*** DATASET EXCERPTS ***

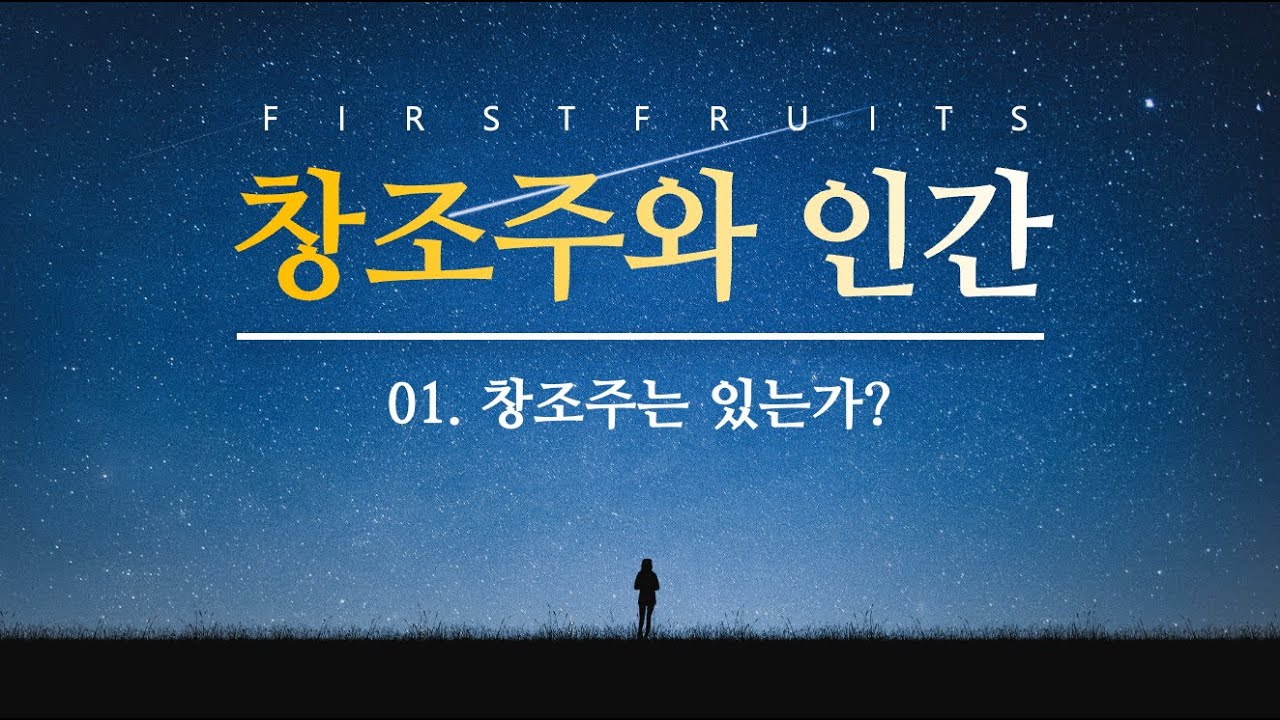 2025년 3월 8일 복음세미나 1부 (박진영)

*** End of DATASET EXCERPTS ***
*** DATASET EXCERPTS ***

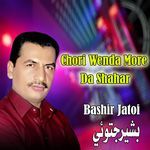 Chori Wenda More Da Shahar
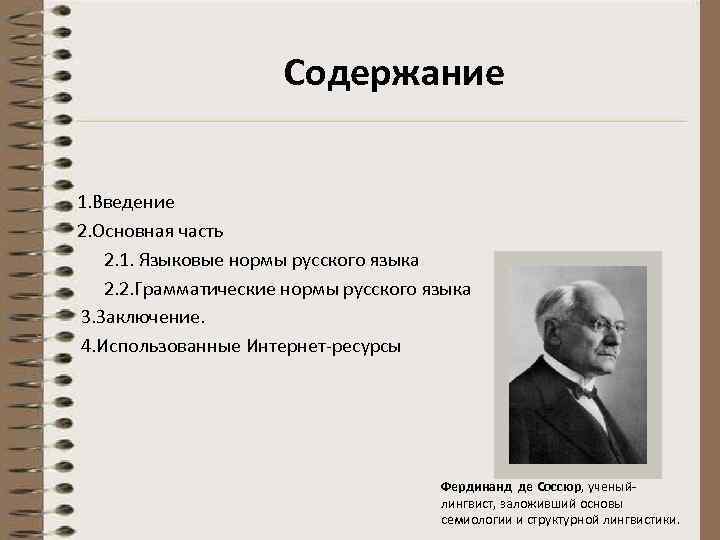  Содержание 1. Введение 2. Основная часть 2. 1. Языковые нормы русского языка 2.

*** End of DATASET EXCERPTS ***
*** DATASET EXCERPTS ***

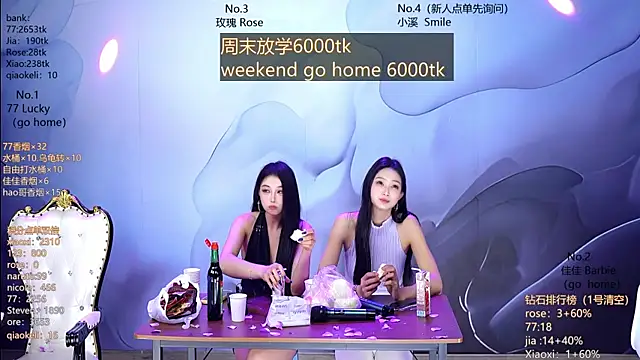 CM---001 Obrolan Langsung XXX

*** End of DATASET EXCERPTS ***

TASK DETAILS: The reply should hold the entries above from the line with "Chori Wenda More Da Shahar" to the line with "Содержание 1. Введение", duplicated exactly, pictures excluded.

WRITTEN ANSWER:
 Chori Wenda More Da Shahar
  Содержание 1. Введение 2. Основная часть 2. 1. Языковые нормы русского языка 2.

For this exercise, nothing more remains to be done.